UK inflation has risen to its highest for almost two years in a sign that the weak pound is feeding through to increased consumer prices.
Consumer prices rose 1.0% on a year ago in September, according to the Office for National Statistics, the rate of inflation leaping from 0.6% in August to its highest since November 2014.
UK inflation and companies’ costs
While the ONS found no direct evidence that the pound's fall had fed through to higher inflation, the link is clear from business surveys. IHS Markit PMI surveys found companies' costs to have risen at the fastest rate for just over five years in September (see attached chart), with many firms blaming higher import costs resulting from the steep drop in the value of the pound, especially against the US dollarr and euro. Higher fuel costs, linked to the firming of global oil prices, were also widely reported. The September surveys also found average prices charged for goods and services to have risen at the steepest rate since January 2014.

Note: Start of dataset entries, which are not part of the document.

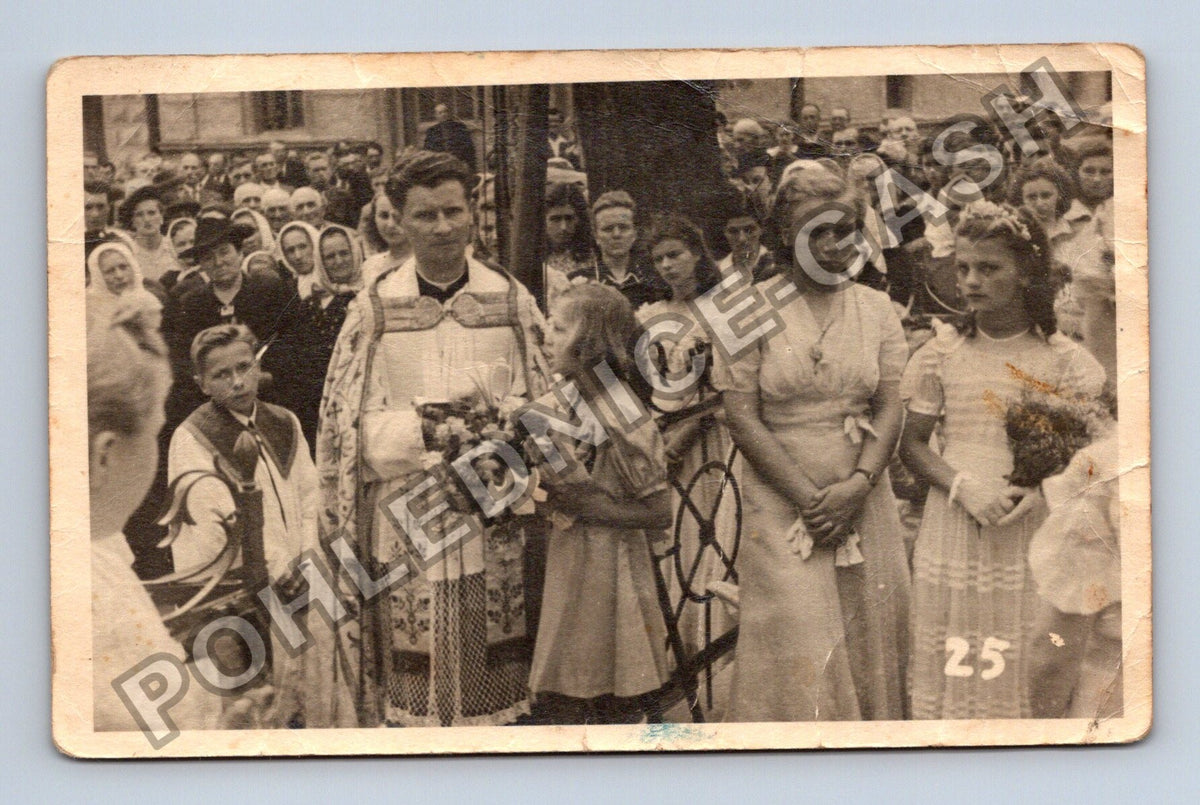 Stará fotografie náboženský průvod s knězem a dětmi (BM26576)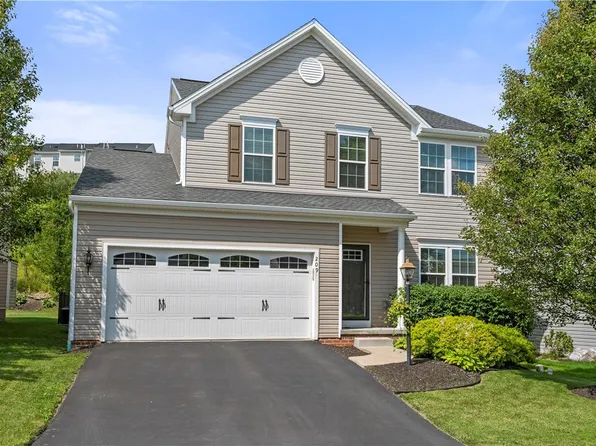 209 Heritage Dr, Oakdale, PA 15071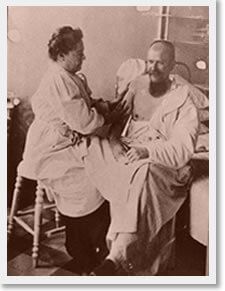 Массаж руки раненого, 1914 г.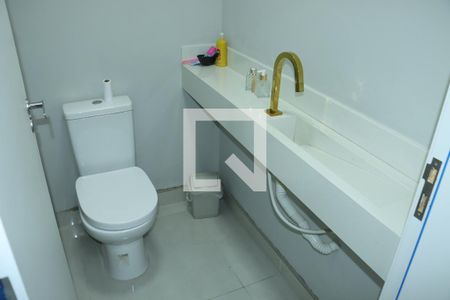 Casa de Condomínio para alugar com 3 quartos, 190m² em Jardim Semiramis, Cotia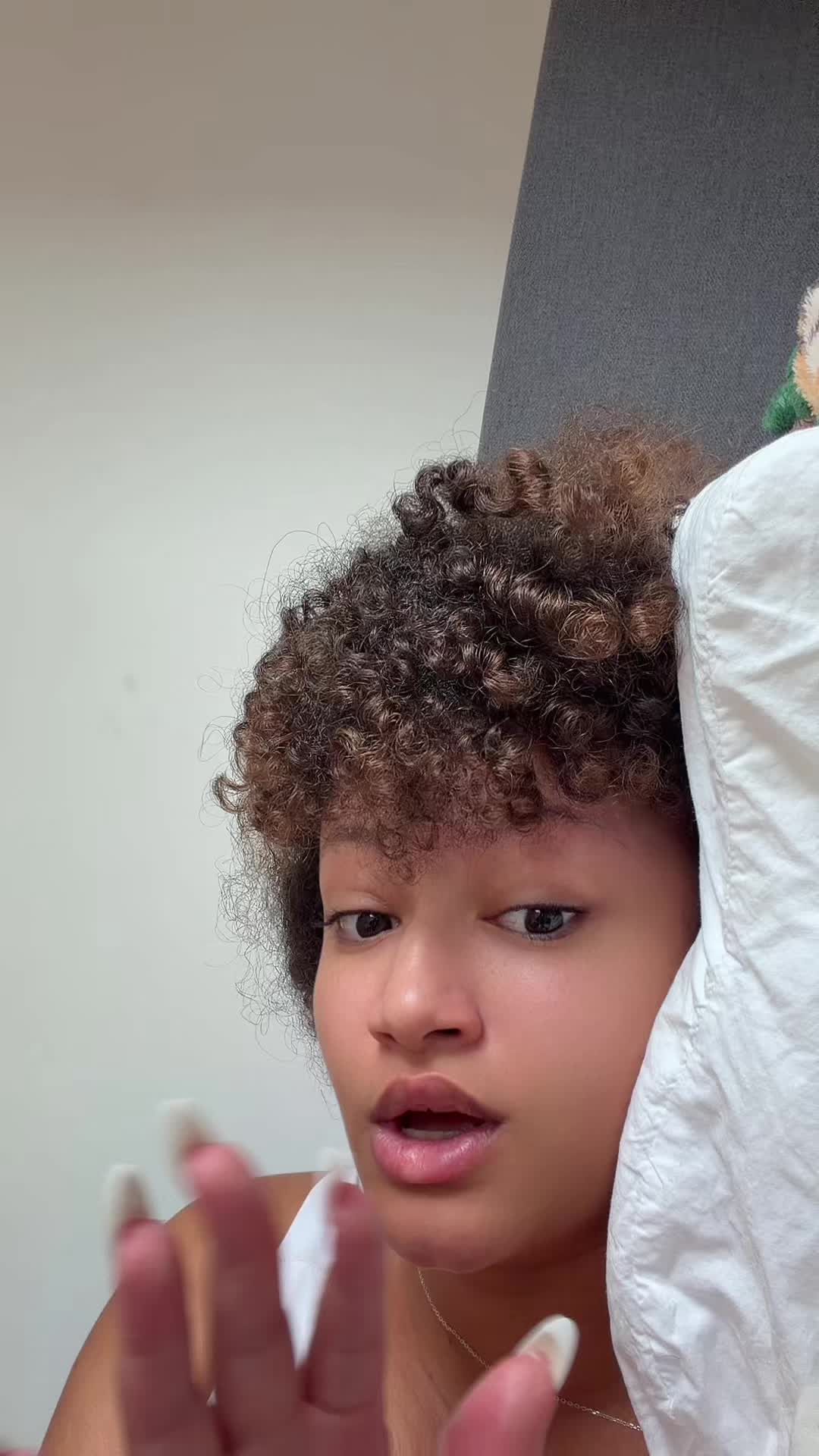 @chloe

The historical relationship between the PMI survey data on companies’ costs and headline inflation indicates that consumer prices have further to rise as firms seek to pass higher costs on to customers in coming months. The Bank of England's 2% target could therefore be breached within months, though much depends on the exchange rate and the extent to which costs continue to rise, as well as the degree to which firms may choose to soak up higher costs via lower profit margins.
The rise in inflation has been anticipated by policymakers at the Bank of England, who have also stated that they will 'look through' any short-term rise due to the pound's weakness. However, the build-up of inflationary pressures suggests that policymakers may be less willing to loosen policy further in coming months, choosing instead to wait until the inflation outlook becomes more certain.